何もいえないルークを怪訝そうに見ながら、アッシュは言葉をかけた。
「何か用か? ・・・何見てやがる。ああ、これか。」
ふんっと馬鹿にしたように笑うが、けして不機嫌そうではない。
「俺のことが知りたいそうだな、何が知りたいんだ。」
「解らない。でも、もっとアッシュの事を知りたいんだ。俺、馬鹿だったから。アッシュのこと、何も解ろうとしなかったから!」
「知ったって、良いことなんか何もねぇぞ。」
「それでも! アッシュの場所を奪ってのうのうと生きてきたんだ。出来るなら全部返したい!」

「間違うなよ、俺があそこを捨てたんだ。お前に奪われたわけじゃねぇ。俺は自分の力で自分の居場所を作った。誰にも文句は言わせねぇ。 ・・・いいもん見せてやる。」
アッシュは下穿きをずり下げると腰にある刺青をルークに見せた。
何かの紋章に薔薇が絡みついたそれは、ルークの眼には妙に扇情的に写った。
 

「これはな、ヴァンの野郎に入れられた。こんなとこに刺青入れてんのは売春婦なんかと決まってる。奴はな、俺をずっとそういう道具に使ってたんだよ。 ・・・特務師団てのは汚ねぇ仕事をするところだ。身体使って情報取ったり、暗殺したり、預言に従わない奴らを皆殺しにしたりな。今さら貴族になんて、戻れるわけがねぇんだよ。最も、戻る気なんかさらさらねぇけどな。」

ショックを受けて立ち竦むルークの頭を、呆れたようにアッシュは軽く叩いた。
驚愕したように顔を上げ固まるルークにアッシュは苦笑した。
「ガキはこれだからしょうがねぇな。

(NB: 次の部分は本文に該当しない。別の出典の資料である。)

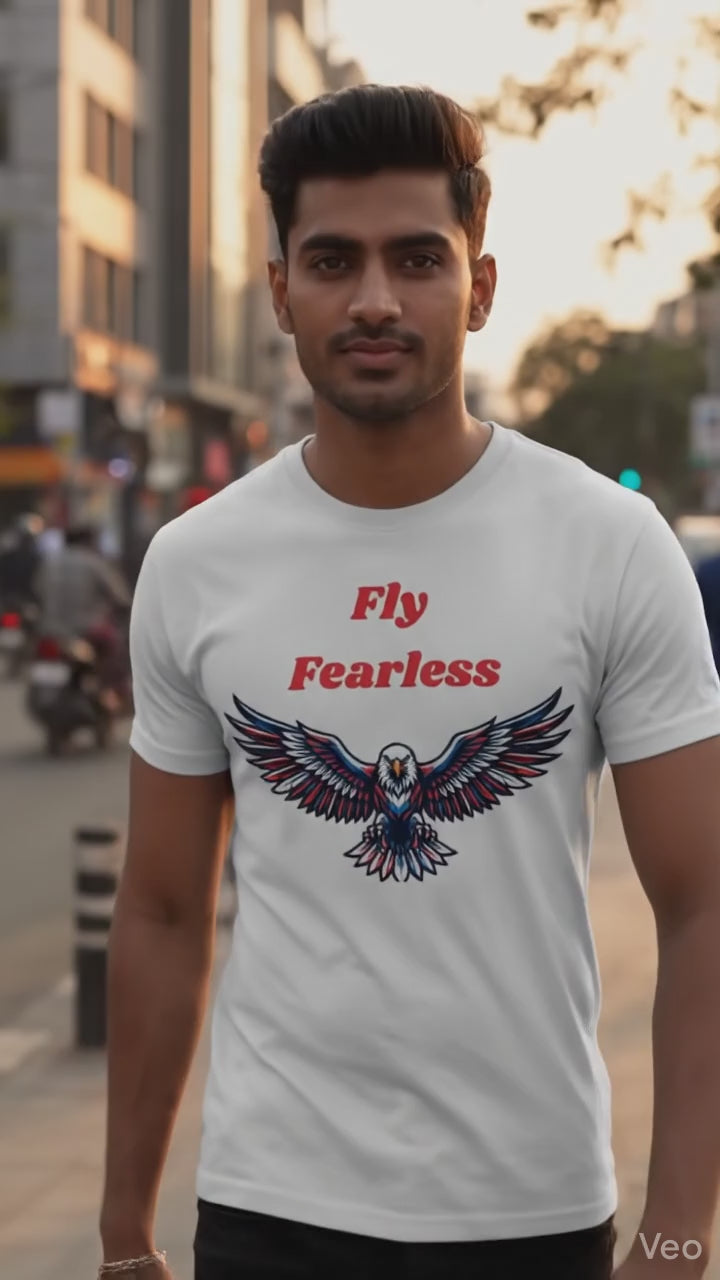 Indian male model wearing Fly Fearless white graphic t-shirt with eagle print outdoors on urban street, casual lifestyle fashion videography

さっさと戻れよ、もう随分知っただろう?世の中奇麗事ばかりじゃ無ぇんだよ。俺がおまえらと行かねぇのは、お前の仲間が信用できないからだ。不快なだけの奴らと行動を共にする理由がどこにある。お前が奴らを信用してるなら、一緒に居れば良いだろ。人まで付き合わせんな。」
部屋からぽいっと追い出される。


ルークはぐちゃぐちゃになった頭の中を、どうしたら良いかわからなかった。
アッシュの生き様を思うと、ただ涙が流れて仕方なかった。

アッシュの事、自分の『仲間たち』の事。ずるずると廊下に座り込んで、いつまでも考えていた。